Analytics: Signal Detection – Part 07 – Data Wrinkle

One of the earliest posts in this blog had to deal with signal detection when the actual signal was concealed and had to be amplified. More specifically, suppose we have a dataset with three columns: signal name, time and signal value. We then create  a crosstabular display, looking at how each signal behaves with respect to time. The question is: which signal is the driver of the trend, and the typical analyst solution is to sort signal name column in descending order of overall magnitude to determine the top signal – that is declared the driver of the trend. I challenge such approach by noting that it would be worth to create a correlation triange (correlogram), which would show Pearson coefficient for every combination of signals. We may then identify strongly correlated signals which appear on different levels of the pareto and, when combined together, may form an even stronger candidate for the driver of the trend. This idea can be easily implemented provided that time series for every pair if signals are comparable. Unfortanetely in the real world things are not always that smooth: you may have a pair of signals which have values for the earlier timepoints but not for the later, yet the simplistic approach is to compute Pearson using every data point. Thus one may need an algorithmic twist to select only that part of the time series which can be compared against the other signal.

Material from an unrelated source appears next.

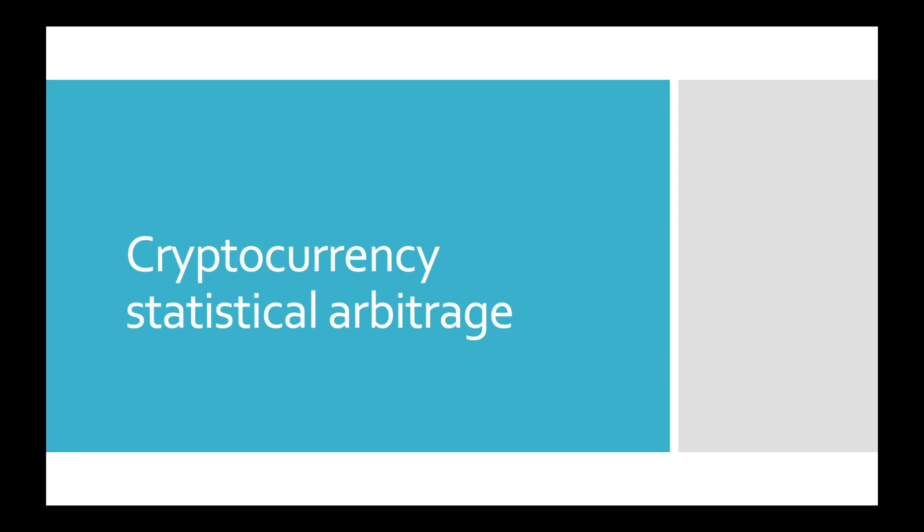Hi friends, this is Tenere Research and welcome to part number 13 of the cryptocurrency statistical arbitrage tutorial.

Here is a simple solution: below is a C++ code which loads several timeseries from flat file (one timeseries per row, name is in left-most column). The timeseries tableau is tattered, i.e. every signal’s timeseries contains intervals which are abnormally low in signal value and cannot be used as valid data points in deriving Pearson coefficient. The strategy is to zero-in on that interval of timeseries where both signals contain values that are larger than a certain threshold (in the code below it’s 5). The ‘out’ file contains Pearson for every pair of timeseries calculated for those longest extracted intervals.

/*
========================================================================
Author: Monsi Terdex
Date: 07/27/2013

Description:

– Pearson coefficient calculator
– loads time series from flat ASCII file
– for every pair of time series, extracts longest interval which
contain every data point higher than threshold value
– calculates Pearson on the pair of these extracted intervals
========================================================================
*/

#include <iostream>
#include <cstdlib>
#include <ctime>
#include <fstream>
#include <sstream>
#include <math.h>
#include <vector>

using namespace std;

double magnitudeThreshold = 5.0;
int minimalLength = 5;

typedef struct {
    double * a;
    double * b;
    int len;
} ArrayRecord;

/*
=======================
Maps first and second timeseries to new versions
which which both contain data poitns
above threshold level

Parameters:
n – count of data points in both series
a – first timeseries
b – second time series

Returns: record with pointers to modified series
containing only the longest interval where
both time series have acceptable threshold values
=======================
*/

ArrayRecord compress (int n, double * a, double * b){
    int min = 0;
    int max = 0;
    int f = 1;
    int maxLen = 0;
    
    int minFinal = 0;
    int maxFinal = 0;
    
    for (int i = 0; i < n; i++){
        if (a[i] > magnitudeThreshold && b[i] > magnitudeThreshold){
            if (f) {
                min=i;
                max=i;
                f=0;
            } else {
                max = i;
            }
        } else {
            if (f) {
                
            } else {
                max = i-1;
                
                if (max – min + 1 > maxLen){
                    minFinal = min;
                    maxFinal = i – 1;
                    maxLen = max – min + 1;
                }
                
                f= 1;
            }        
        }
    }
    
    if (!f){
        max = n-1;
        if (n-min > maxLen){
            minFinal = min;
            maxFinal = n-1;
            maxLen = n – min;
        }    
    }
    
    
    ArrayRecord ar;
    if (maxLen == 0) {
        ar.a = NULL;
        ar.len = 0;
    } else {
        ar.a = new double [maxLen];
        ar.b = new double [maxLen];
        
        int k = 0;
        for (int i = minFinal; i <= maxFinal; i++){
            ar.a[k] = a[i];
            ar.b[k++] = b[i];
        }
        
        ar.len=maxLen;
    }
    return (ar);
}

/*
=======================
Extraction function

Parameters:
x – first series
y – second series
n – number of data points in both series (assumed the same for both series)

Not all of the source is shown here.